=== Section Start ===

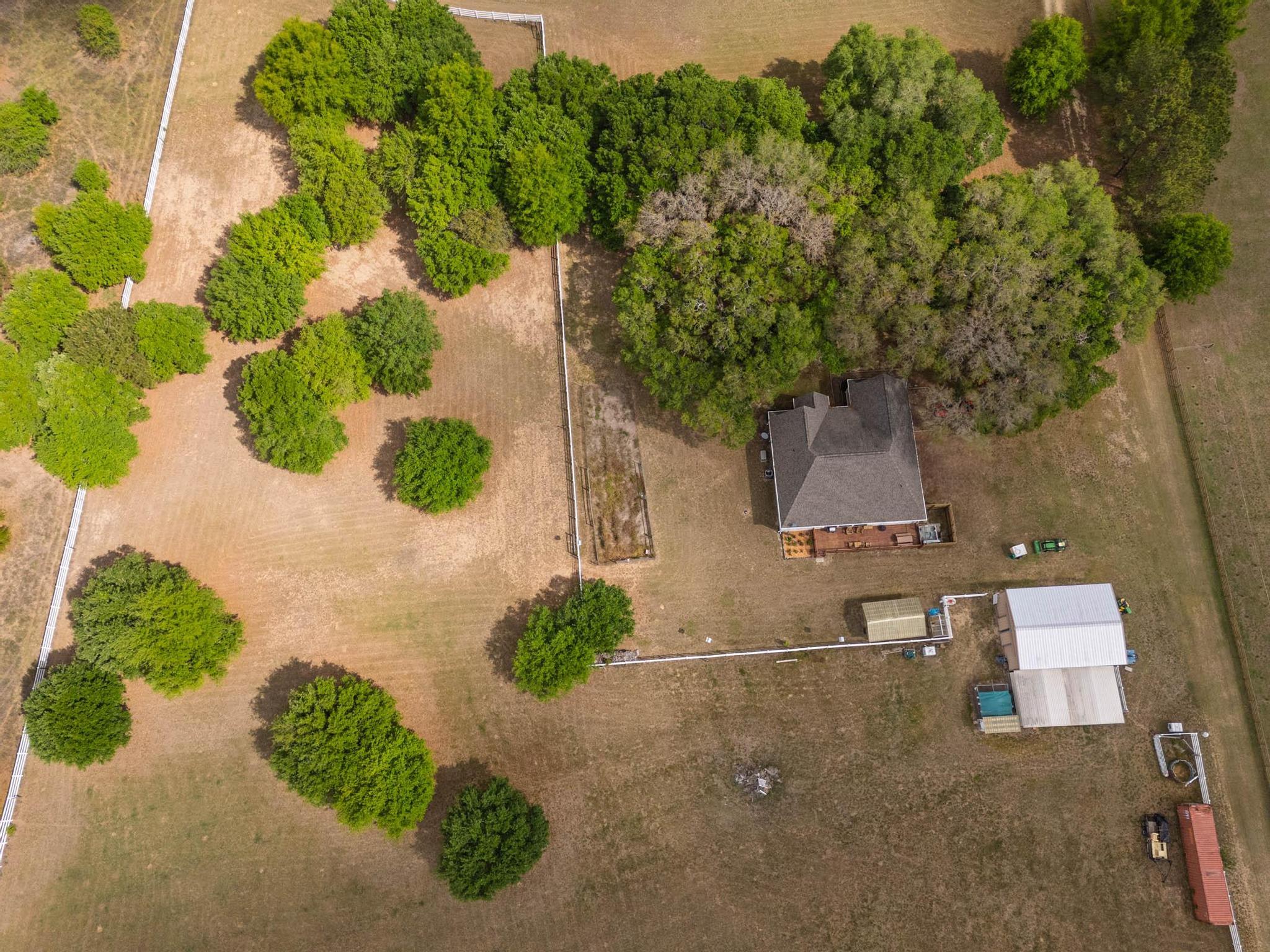 7875 Berry Manor Lane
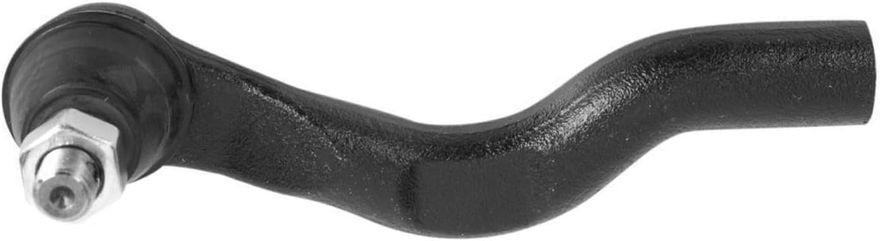 Front Outer Tie Rod - ES801495 / ES801496
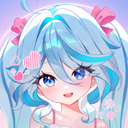 Discovery icon for ✧ · Fluffy Corner · ✧ Discord server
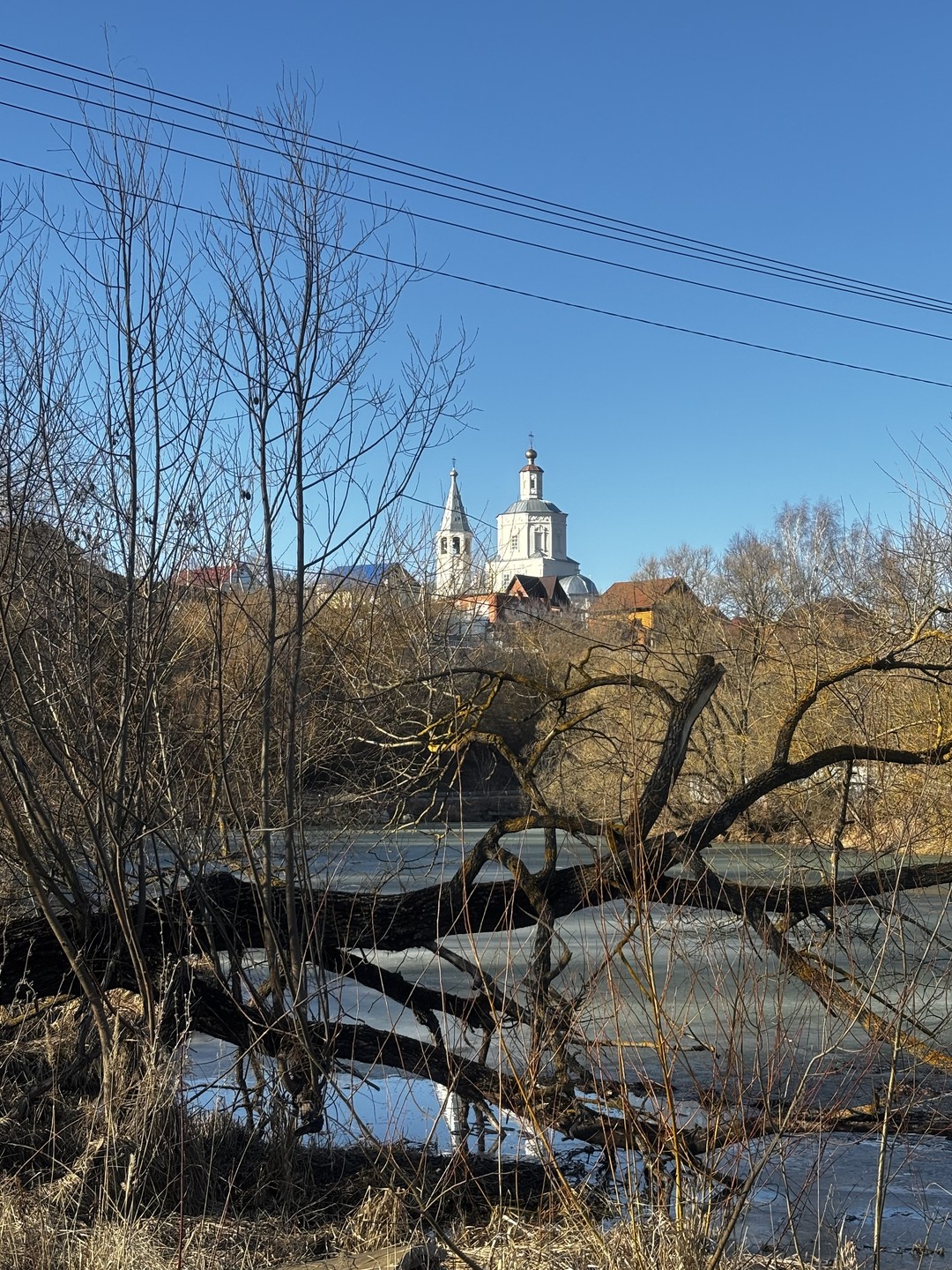 Большое спасибо Денису за экскурсию! Перед поездкой читала отзывы о городе, очень разные)) В итоге город
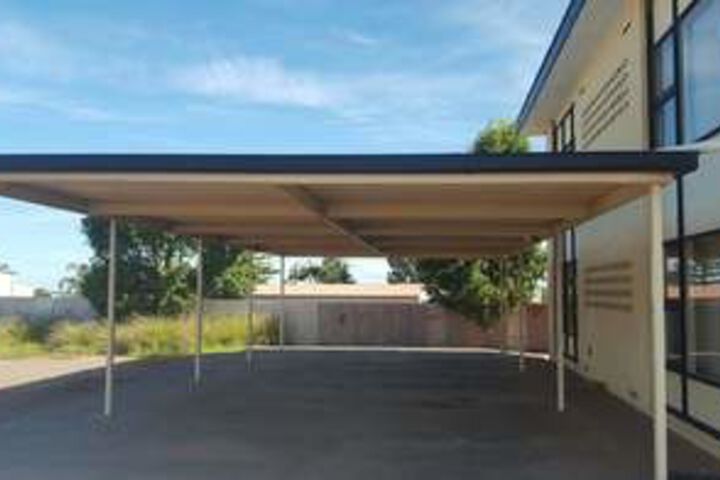 Property Grounds 28 of 28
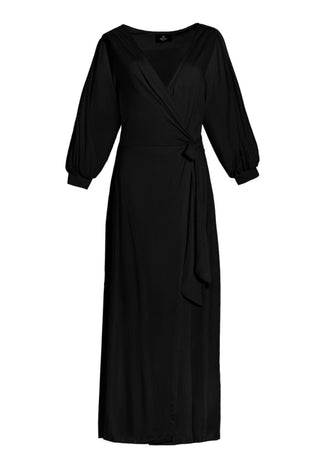 2be9fd2fe7267f8b2e5430d53002697f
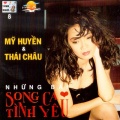 Hải Âu 43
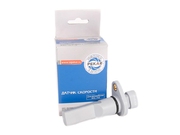 ДАТЧИК СКОРОСТИ 2170 ПЕКАР (2170-3843010) 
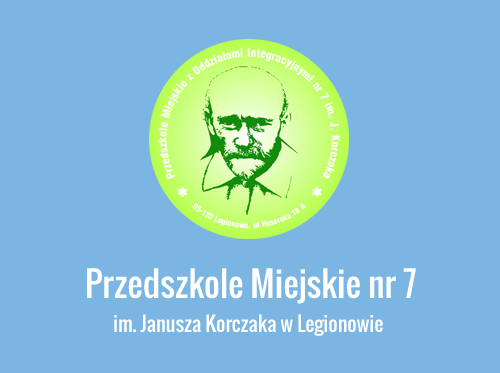 Więcej o: Światowy Dzień Zespołu Downa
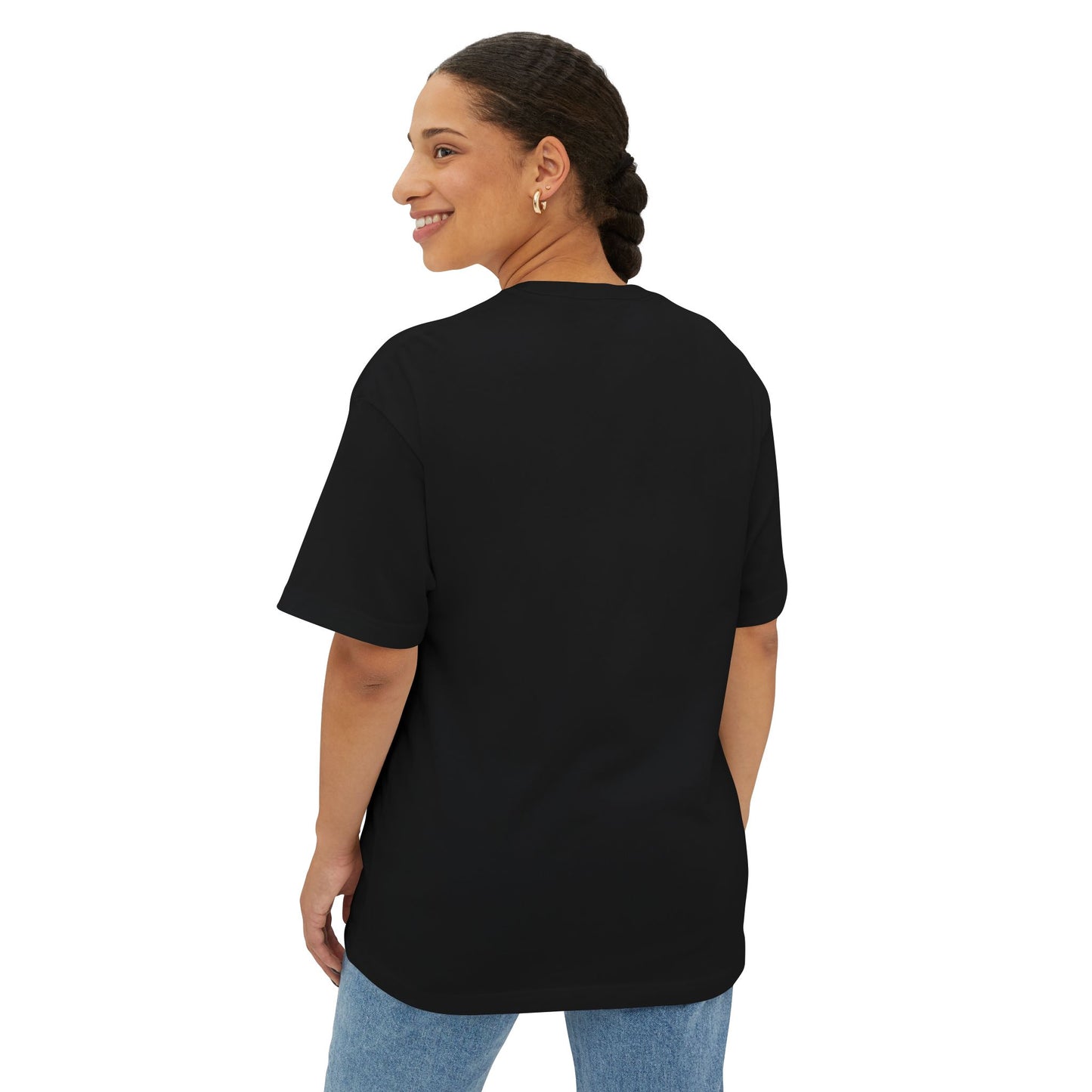 Cozy Autumn Fall Graphic Tee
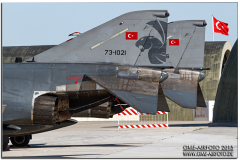 NTM15_07.jpg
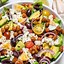 Image result for Roasted Chickpea Salad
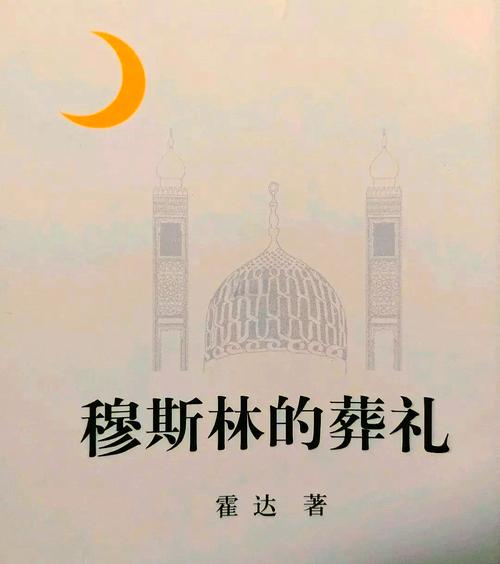 航海王漫画免费在线观看 | 海贼王最新章节高清阅读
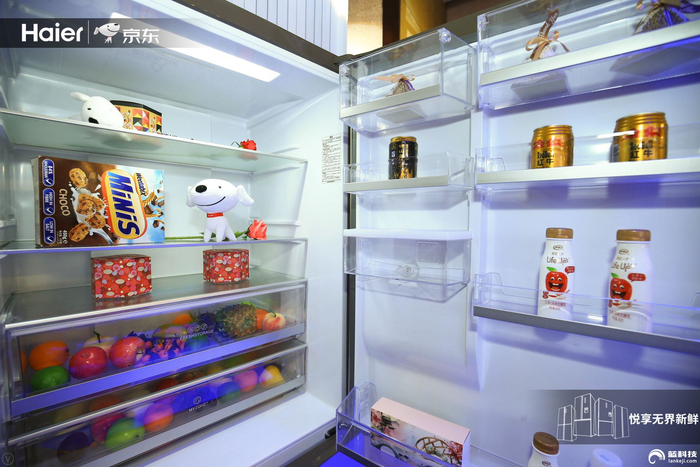 海尔生物开启全球化跃迁:2025年海外收入劲增17.9%,占比创新高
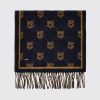 Horizonthreads.shopa6af3a0869 1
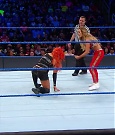 MAY_23RD_mp4_000274300.jpg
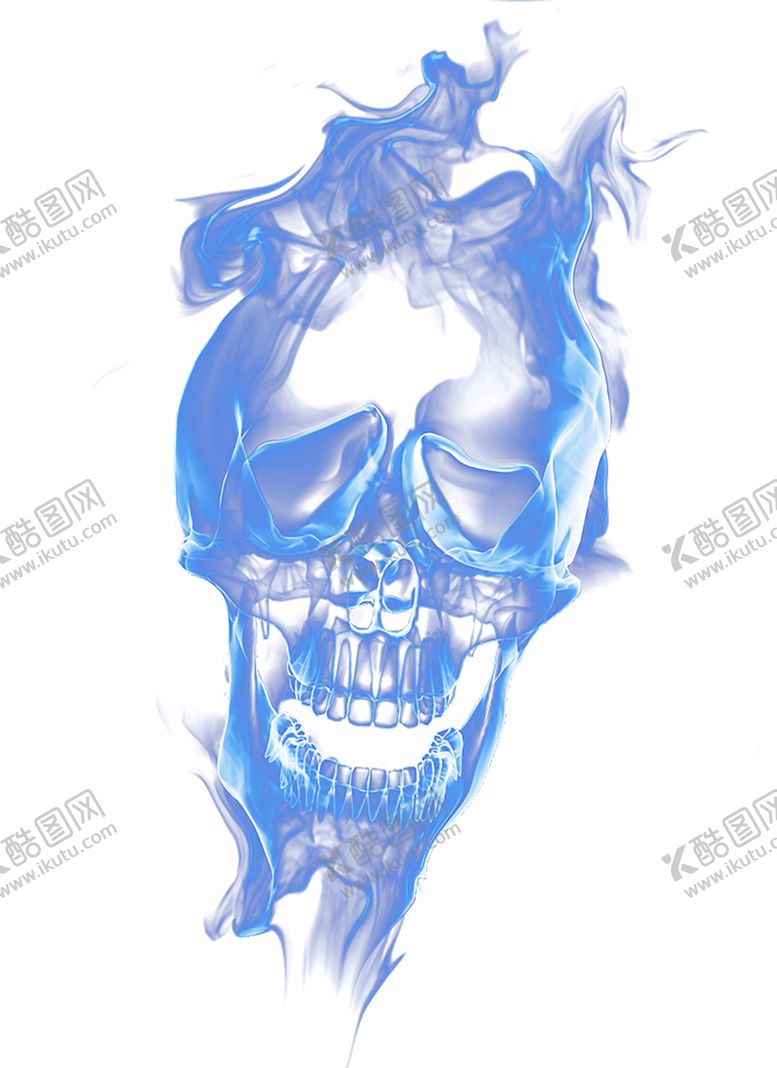 编号：21787806241744293462【酷图网】源文件下载-火焰素材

=== Section End ===

Keep every word of the lines above unchanged in the copy, and omit the pictures.

 7875 Berry Manor Lane
 Front Outer Tie Rod - ES801495 / ES801496
 Discovery icon for ✧ · Fluffy Corner · ✧ Discord server
 Большое спасибо Денису за экскурсию! Перед поездкой читала отзывы о городе, очень разные)) В итоге город
 Property Grounds 28 of 28
 2be9fd2fe7267f8b2e5430d53002697f
 Hải Âu 43
 ДАТЧИК СКОРОСТИ 2170 ПЕКАР (2170-3843010) 
 Więcej o: Światowy Dzień Zespołu Downa
 Cozy Autumn Fall Graphic Tee
 NTM15_07.jpg
 Image result for Roasted Chickpea Salad
 航海王漫画免费在线观看 | 海贼王最新章节高清阅读
 海尔生物开启全球化跃迁:2025年海外收入劲增17.9%,占比创新高
 Horizonthreads.shopa6af3a0869 1
 MAY_23RD_mp4_000274300.jpg
 编号：21787806241744293462【酷图网】源文件下载-火焰素材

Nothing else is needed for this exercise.